Nel frattempo, anticipo una chicca alla quale si è fatto cenno proprio nell’incontro di venerdì scorso 18 settembre e che riguarda l’attività di ricerca svolta da Giorgio Mainerio (Parma 1535-1582). Non ho idea di quanti, ai giorni nostri, abbiano mai sentito parlare di questo personaggio eclettico, al quale va il merito se oggi, nelle diverse parti d’Europa, la danza  Schiarazule marazule è ancora in uso. (Anche se forse come danza di folclore e non di tradizione) propiziatrice della pioggia. Mainerio, già in odor di stregoneria (fosse o meno un simpatizzante dei benandanti) ebbe modo di ascoltare tale canto propiziatorio e ne trascrisse la musica armonizzandola in modo da conservarne il carattere arcaico nonché l’atmosfera esoterica. Il testo originale è andato perduto, della danza neppure si conoscono passi e coreografia. Si può soltanto presumere si trattasse di una danza sacra, per la fertilità dei campi; di quelle che si ballano con semplici passi ripetitivi spesso accompagnati da giravolte, per aiutare nell’esperienza estatica, la perdita del se cosciente (forse preludio di viaggi astrali). Di questa danza e del relativo canto che la accompagnava se ne ha notizia ufficiale. In un documento friulano del 1624 il brano, infatti, apparve in una causa del Tribunale della Santa Inquisizione con l’accusa di servire come accompagnamento musicale di un rituale magico per invocare la pioggia. E’ padre Bernardino Morra di Palazzolo della Stella in provincia di Udine a scrivere una lettera-denuncia all’inquisizione lamentandosi che dei cantori notturni non lo lasciassero dormire in pace.

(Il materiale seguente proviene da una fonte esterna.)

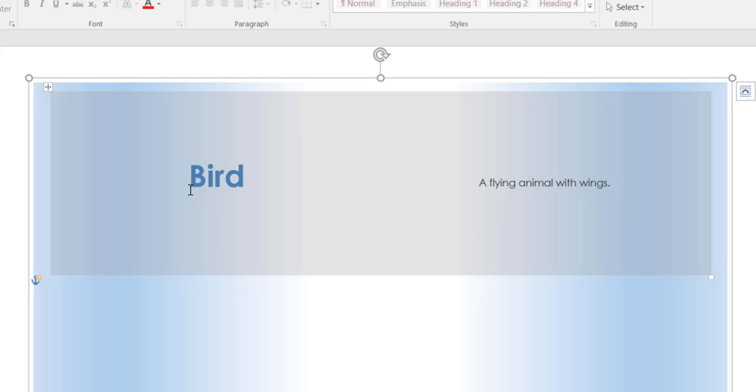And so as you can see now, we've set up a basic flashcard. We can print that out. You'll get the term on the front and your definition on the back. So that's a quick and easy way to set up flashcards in Microsoft Word.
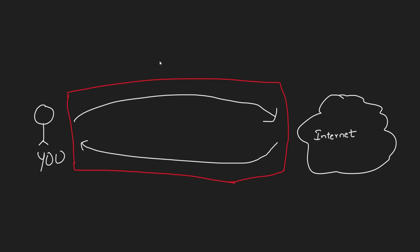When you're browsing the internet, the data that you're sending to different websites and different apps can be seen and monitored by your internet service provider and other third parties like your government and different authorities. They can see what websites you're visiting, your activity on those websites, and they can also limit your access to certain websites or apps.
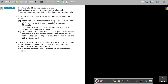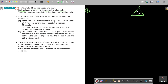Let's go to the questions. I want you to do number one — stop the video and check when you're done. Number one: Loretta walks 31 kilometres at a speed of 5 kilometres per hour. Both values are correct to the nearest whole number. Work out the upper bound — the biggest — of the time taken. Think of the formula: time is distance divided by speed. Correct to the nearest whole number means to the nearest unit, so divide 1 by 2 to get 0.5. Add 0.5 for upper, subtract 0.5 for lower.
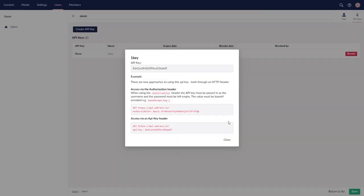The popup that shows right after creating it will tell you of the two ways you can use this key to connect to your Umbraco site. And that is via the authorization header, or an API key header.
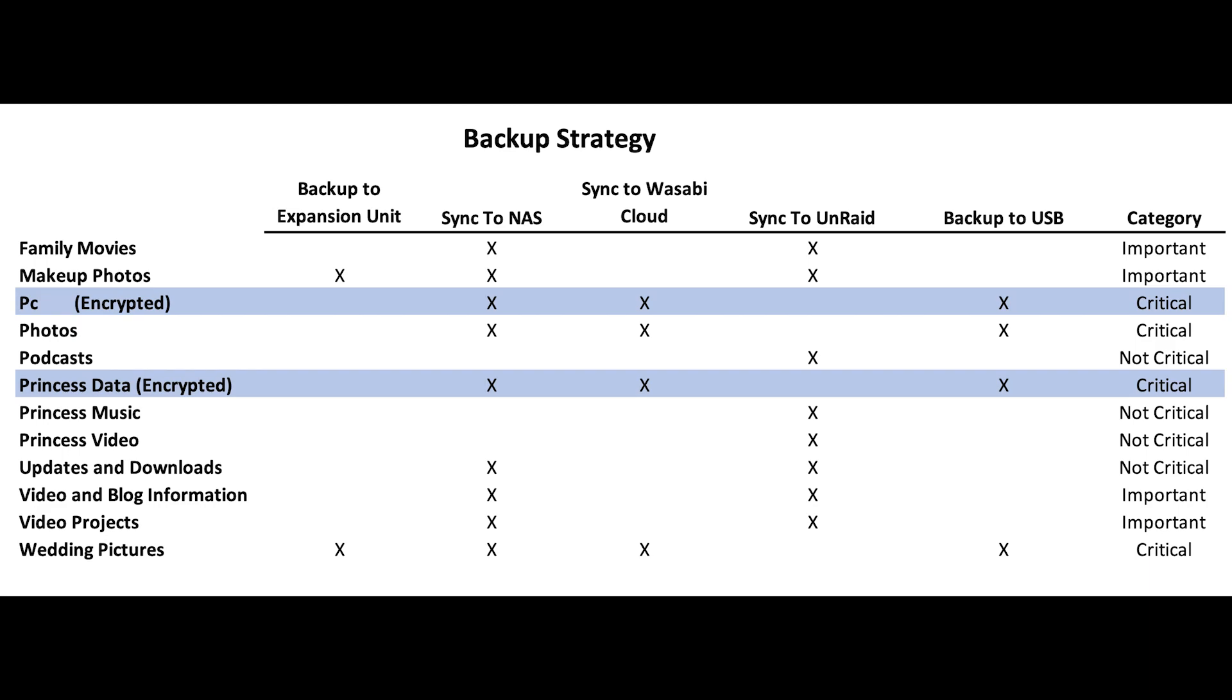Also, my locations are based on size and practicality. For example, my critical encrypted data and my photos are relatively small, so a USB and a cloud service make perfect sense. However, other data that might contain a lot of video files, such as what I classified as important, can be quite large. So syncing that with a remote NAS that has 16 terabytes or an Unraid server that has 32 terabytes makes a lot more sense, as that data doesn't really need to be encrypted. And lastly, the non-critical data I mainly sync to my Unraid server.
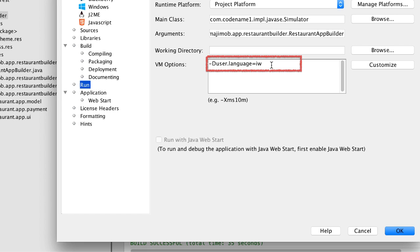In the IDE project properties you can set the VM arguments passed to the simulator and manipulate the language of the JVM. This makes debugging localization very easy. Just enter the run section and add the build hint -Duser.language=IW and it will become the language of the JVM. This saves you the need of updating your OS localization settings to debug locale issues.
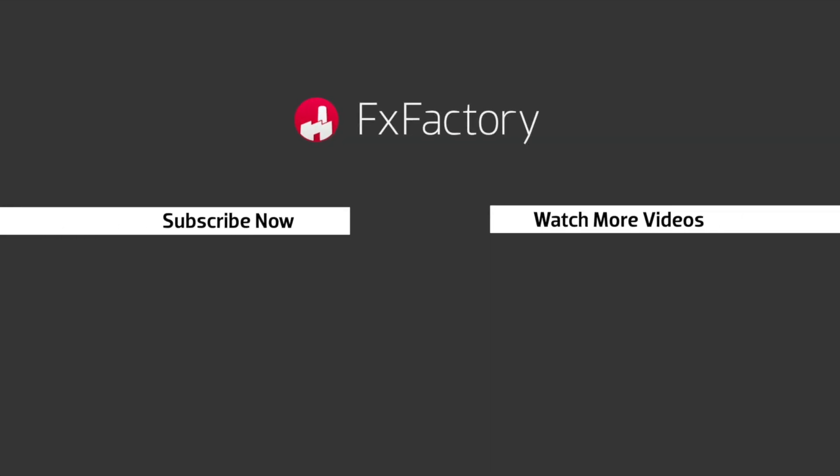Try out a wide range of great audio and visual effects at fxfactory.com.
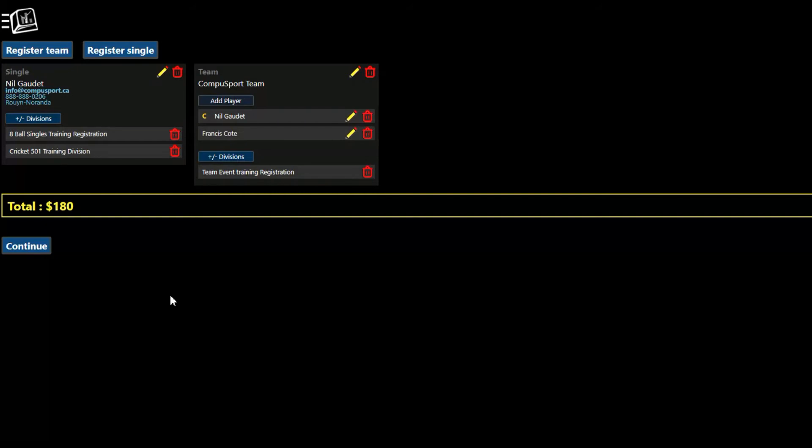But unfortunately you can't pay on CompuSport as of right now. So all you're doing is registering for the tournament. You need to look for payment options with the tournament director or your league manager for them to give you that information.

Mainerio è un personaggio a dir poco strano. Un po’ come Menocchio anche se meno fortunato. E’ straordinario sia stato, ai tempi nostri, il medesimo Carlo Ginzburg  (attraverso la sua attività di ricerca storica) a consentirci ora di venire a conoscenza di una storia, o meglio ancora di storie, che più che la polvere del tempo, è stata la Chiesa a voler seppellire. Tempi bui, quelli dell’Inquisizione!  Mainerio sacerdote e mansionario nella cattedrale di Udine si aggiudicò nel 1576 il posto di maestro di cappella nel Duomo di Aquileia. Fu però anche indovino e adepto della magia o quanto meno studioso di scienze occulte (il tribunale dell’Inquisizione avviò un’indagine su di lui senza però giungere a prove conclusive per istruire il processo).  Anche diversi benandanti subirono l’Inquisizione. Ma la loro sorte, rispetto a Menocchio fu migliore, perché non vennero condannati a morte. I benandanti (alla lettera significante "buoni camminatori") erano gli appartenenti ad un culto pagano-sciamanico contadino basato sulla fertilità della terra diffuso in Friuli, intorno al XVI-XVII secolo. Di chi erano i Benandanti ne hanno parlato, diffusamente, a Farra d’Isonzo, Paolo Morganti ed Antonella Peressini in una sala affollata, COVID permettendo. L’iniziativa sarà ripetuta visto il gran numero di persone interessate che non hanno potuto intervenire a seguito del superamento del numero massimo consentito.